▶ _Task requirements_: Write the records out once more, exactly as they are given.

----- Data supplied -----

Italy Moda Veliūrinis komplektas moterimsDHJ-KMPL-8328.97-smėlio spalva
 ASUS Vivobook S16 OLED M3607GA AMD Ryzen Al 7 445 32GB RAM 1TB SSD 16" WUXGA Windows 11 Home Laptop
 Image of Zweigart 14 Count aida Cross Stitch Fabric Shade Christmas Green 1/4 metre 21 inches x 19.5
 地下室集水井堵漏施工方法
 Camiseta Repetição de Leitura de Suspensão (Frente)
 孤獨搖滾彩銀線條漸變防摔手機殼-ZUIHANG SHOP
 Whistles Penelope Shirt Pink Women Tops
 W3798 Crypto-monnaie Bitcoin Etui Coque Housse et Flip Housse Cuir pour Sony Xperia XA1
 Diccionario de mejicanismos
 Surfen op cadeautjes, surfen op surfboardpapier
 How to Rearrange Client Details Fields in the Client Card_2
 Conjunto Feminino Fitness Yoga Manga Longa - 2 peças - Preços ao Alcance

-----

▶ _Response to the task_:
Italy Moda Veliūrinis komplektas moterimsDHJ-KMPL-8328.97-smėlio spalva
 ASUS Vivobook S16 OLED M3607GA AMD Ryzen Al 7 445 32GB RAM 1TB SSD 16" WUXGA Windows 11 Home Laptop
 Image of Zweigart 14 Count aida Cross Stitch Fabric Shade Christmas Green 1/4 metre 21 inches x 19.5
 地下室集水井堵漏施工方法
 Camiseta Repetição de Leitura de Suspensão (Frente)
 孤獨搖滾彩銀線條漸變防摔手機殼-ZUIHANG SHOP
 Whistles Penelope Shirt Pink Women Tops
 W3798 Crypto-monnaie Bitcoin Etui Coque Housse et Flip Housse Cuir pour Sony Xperia XA1
 Diccionario de mejicanismos
 Surfen op cadeautjes, surfen op surfboardpapier
 How to Rearrange Client Details Fields in the Client Card_2
 Conjunto Feminino Fitness Yoga Manga Longa - 2 peças - Preços ao Alcance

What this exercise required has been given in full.